Un boato dell'Olimpico ci fu anche il 24 aprile 1991, quando la Roma di Giannini, Voeller e Rizzitelli riuscì a raggiungere la finale di Coppa Uefa. Il cammino fino a quel momento era stato esaltante, ma rischiava di interrompersi di fronte al muro danese del Broendby: dopo lo 0-0 in trasferta, l'assedio alla porta difesa da Schmeichel sembrava non produrre risultati e la gara rimaneva inchiodata sull'1-1 che ci avrebbe eliminato. Ma quando il Tedesco Volante si gettò su un pallone respinto dal portiere avversario (anticipando di un millisecondo Rizzitelli) e lo scaraventò in rete, i quasi 60.000 tifosi sugli spalti proruppero in un boato di liberazione simile a quello provocato da Falcao contro il Colonia. La delusione di arrendersi poi in finale contro l'Inter è tutta nelle lacrime che Rizzi-gol versò dopo quella rimonta sfumata: sono le lacrime di chi quel giorno era allo stadio o a casa davanti alla tv, sono le lacrime di tutti i romanisti presenti, passati e futuri. Sono le lacrime di chiunque abbia mai pianto per la Roma, le stesse versate da Mourinho al triplice fischio col Leicester: hanno un sapore opposto – dolore da una parte, gioia dall'altra – ma ci ricordano che vittoria e sconfitta sono due facce della stessa medaglia, e che "chi tifa Roma non perde mai".
Figli di Roma
Losi, Di Bartolomei, Giannini… Fateci caso: le nostre imprese sono perennemente scandite dall'avvicendarsi di figli di Roma, capitani e bandiere. Come Francesco Totti, che guidò la Roma a due imprese memorabili in Champions League: nel 2007, a Lione, quando un'Olympique apparentemente invincibile fu strapazzato dalla banda Spalletti. Il sigillo del Dieci, e poi quella sorta di capoeira di Amantino Mancini a stordire Reveillere, prima di esplodere in porta un mancino indimenticabile.

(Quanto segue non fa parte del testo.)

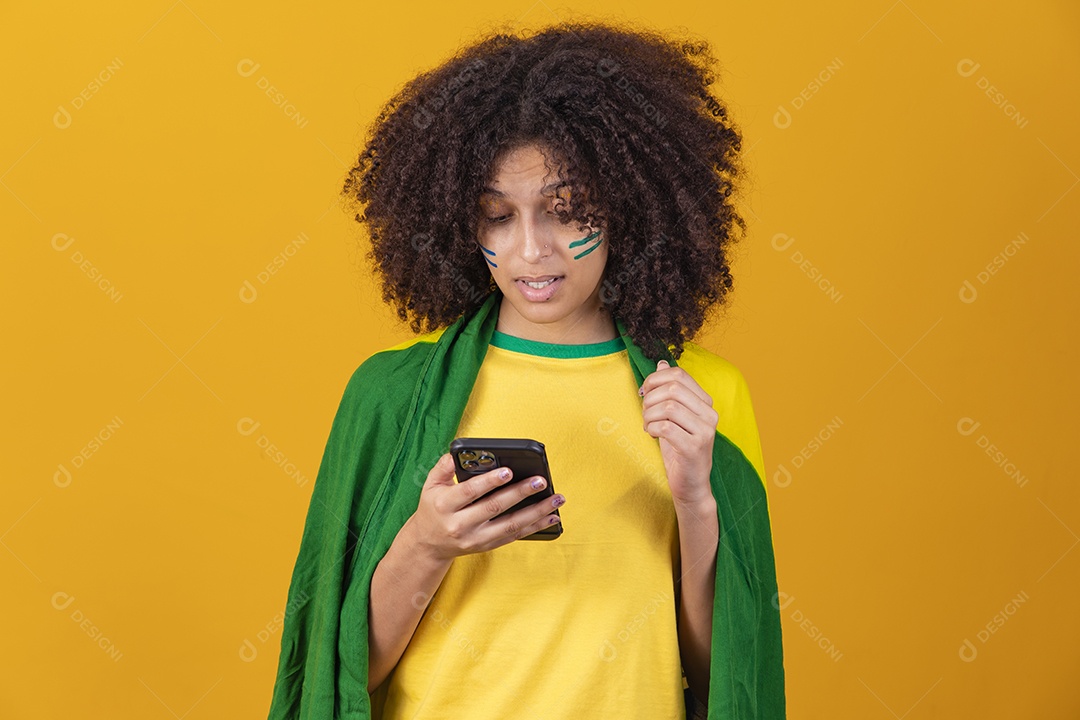 Mulher afro-brasileira vestindo camiseta do Brasil e segurando um smartphone celular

La Roma entrava tra le migliori otto d'Europa, e l'anno dopo faceva il bis. A farne le spese nel 2008 fu il Real Madrid di Casillas e Raul: vittoria in rimonta per 2-1 all'Olimpico (reti di Pizarro e Mancini), stesso risultato anche al Santiago Bernabeu. Finì con la corsa della squadra sotto al settore ospiti, che cantava il proprio amore. C'era Totti, il più grande calciatore della nostra storia, e con lui un altro figlio di Roma: Daniele De Rossi.

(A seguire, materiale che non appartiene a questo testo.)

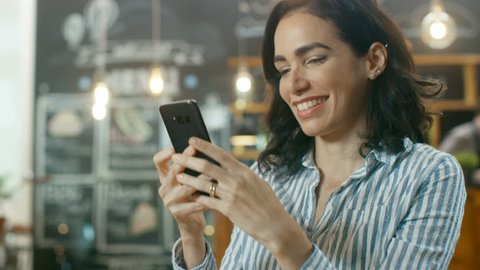 Beautiful Woman Sits in the Cafe Uses Smartphone. She Smiles while Messaging Her Friends or Loved One. In the Background Stylish Coffee House and Busy Waiter. Shot on RED EPIC-W 8K Helium Cinema Camer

Questa Coppa, che Lorenzo ha alzato al cielo, è anche per loro due, che avrebbero meritato di vincere anche al di fuori dei confini nazionali nel corso della loro carriera con la squadra del cuore. Perché «dovremmo ringraziare di essere romanisti anche dopo i 7-1», ed è vero, ma lo facciamo con piacere anche dopo i Roma-Barcellona: abbracci il vicino di posto allo stadio quando hai ancora negli occhi la corsa di Manolas, il rigore di Daniele e la zampata di Dzeko, quando senti il tuo cuore battere all'impazzata e temi che ti verrà un infarto, mentre piangi vedendo quello spettacolo sugli spalti.
Il 10 aprile 2018 avevamo già sofferto abbastanza: il ko per 4-1 rimediato all'andata dei quarti di finale di Champions contro una squadra di marziani era stata una punizione fin troppo severa per la squadra, e anche per chi l'aveva seguita in Catalogna, relegato nella "piccionaia" del Camp Nou dopo aver speso una cifra da capogiro per assicurarsi il biglietto. Ma fin dalle ore immediatamente precedenti al fischio d'inizio del ritorno, sull'Olimpico e su tutta Roma aleggiava la brezza dell'impresa: magari non veniva espressa a voce, la convinzione di riuscire in quel miracolo, ma era nelle teste e nei cuori di tutti i romanisti. Perché sì, c'è da soffrire, ma anche da gioire, e per chi è nato e cresciuto con la Roma nel cuore – Amadei, Losi, Di Bartolomei, Conti, Giannini, Totti, De Rossi, Pellegrini – non c'è gioia più grande che vincere qualcosa con questa maglia. Questa Coppa è di tutti loro.